Theatrical as it may be, this kind of deployment actually has a precise military designation. They’re called “presence patrols,” and were a constant tactic in recent U.S. occupations overseas in Iraq, Afghanistan, and elsewhere. As an Army field manual summarized, a “presence patrol” was at heart a normal information-gathering and combat operation with one key difference: “The primary difference is that the patrol wants to be seen both as a show of force and to lend confidence and stability to the local population of the host nation. As its name implies, this patrol is constituted to effect a presence.”
The reality on the ground often differs from the manual. An anonymous veteran gave the grunt’s-eye view on Reddit a few years ago. Staying at base, he wrote, “results in being surrounded by an enemy that has been given the time and land to build their numbers and fortify their fighting positions. I don't know about you man, but when I'm spraying for bugs, I hit the outside of my house. If my land is infested with rats, I'm not gonna sit in my home and be like ‘well, I'll just deal with them when they get inside.’ That's how you go from 0 rats to 100 rats overnight.”
I’ve written endlessly about the imperial boomerang, and here it is again. It’s just that in the American context, instead of being seen at the souk, it’s more effective for your show of force to be splashed all over the “hostiles’” TikTok and Instagram stories. The intended message is clear, to friend and foe alike: the regime is in control of the capital.

Members of the National Guard stand near Union Station on August 15, 2025 in Washington, D.C., following President Donald Trump's deployment of federal forces and takeover of the city's police department. Federal agents assigned to the capital are performing duties beyond their standard roles, raising concerns over training and jurisdiction. (Photo by MEHMET ESER/Middle East Images/AFP via Getty Images)
Yet this show of force carries real dangers. Putting armed soldiers on officially hostile streets is never without risks. Over and over again in the forever wars, “presence patrols” turned deadly, either because U.S. forces freaked out or because insurgents ambushed them. The DC Guard may be less inclined to see their fellow Washingtonians as the enemy — much less bugs or rats. But what about the new arrivals from Mississippi or West Virginia, raised on media diets that primed them to loathe and fear the denizens of “filthy and crime-ridden Democrat cities?” How long until one of the president’s partisans goes even more rogue, or an infuriated citizen tries to fight back with something harder than a sandwich?
It is unlikely that Trump has any next steps planned out for this deployment. (No more than he has thought through the consequences of egging on — and arming — Benjamin Netanyahu to “finish the job” in Gaza while simultaneously acknowledging that Netanyahu is lying when he denies the extent of the starvation there.)1 But the people around him, especially Stephen Miller, have read their Carl Schmitt and the Nazi philosopher’s theorizing on “states of exception.” Much like Netanyahu, if given the slightest opportunity, provocation, or attack, they will know exactly what to do.

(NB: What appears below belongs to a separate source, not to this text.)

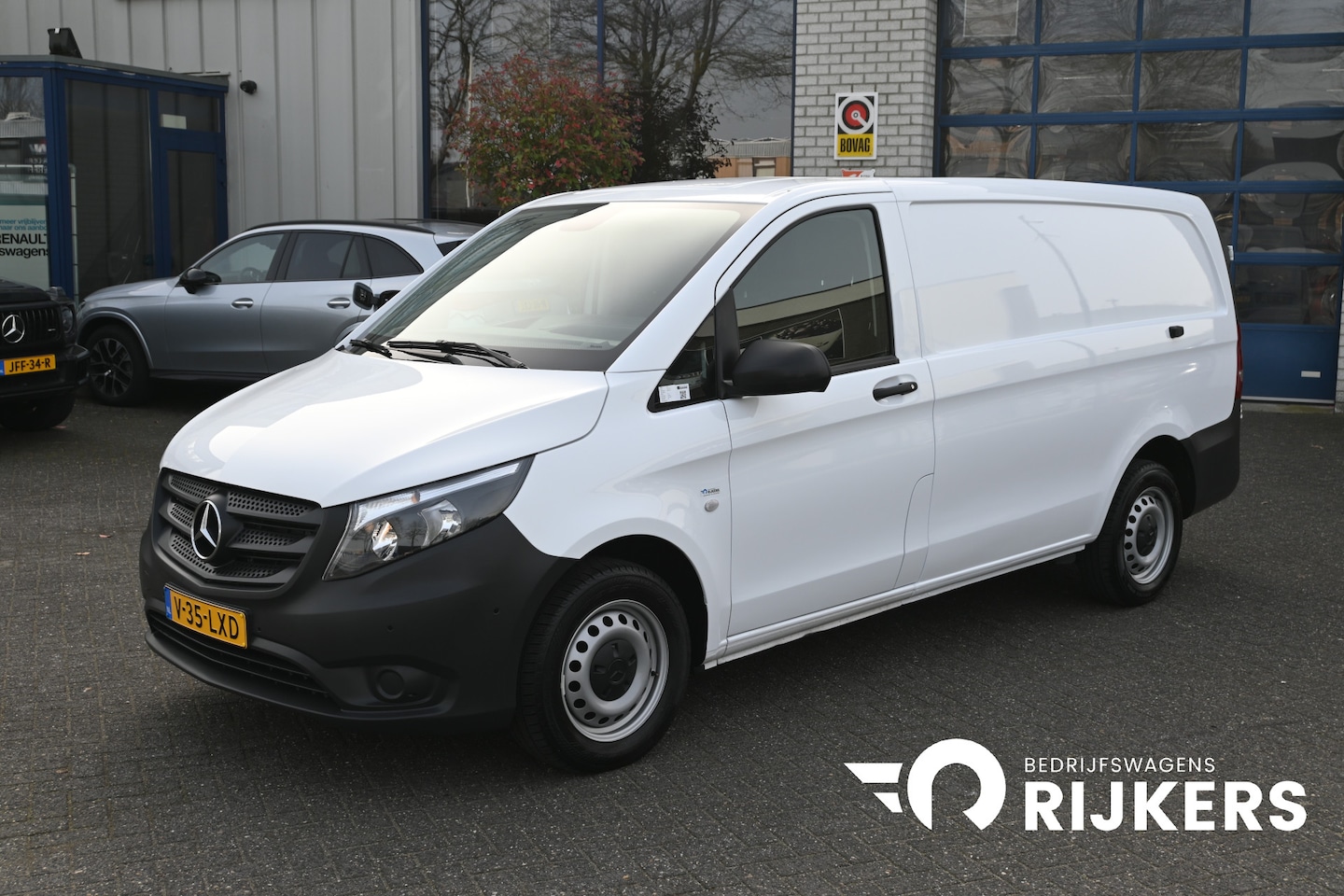 Mercedes-Benz Vito - 116 CDI L2 Audio 40 Navigatie met camera, Parkeerpakket, Etc. - AutoWereld.nl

Following up on last week’s edition, about the Washington Free Beacon story that claimed, falsely, that the IPC had changed its hunger crisis-evaluating standards for Gaza. That lie has continued to spread, to Bari Weiss’ right-wing Free Press, among others. Today, it made its way into an official statement by the Israeli Foreign Ministry in an attempt to deny the IPC’s latest report.
I followed up with the Free Beacon and TFP reporter Olivia Reingold in advance of the IPC’s latest findings …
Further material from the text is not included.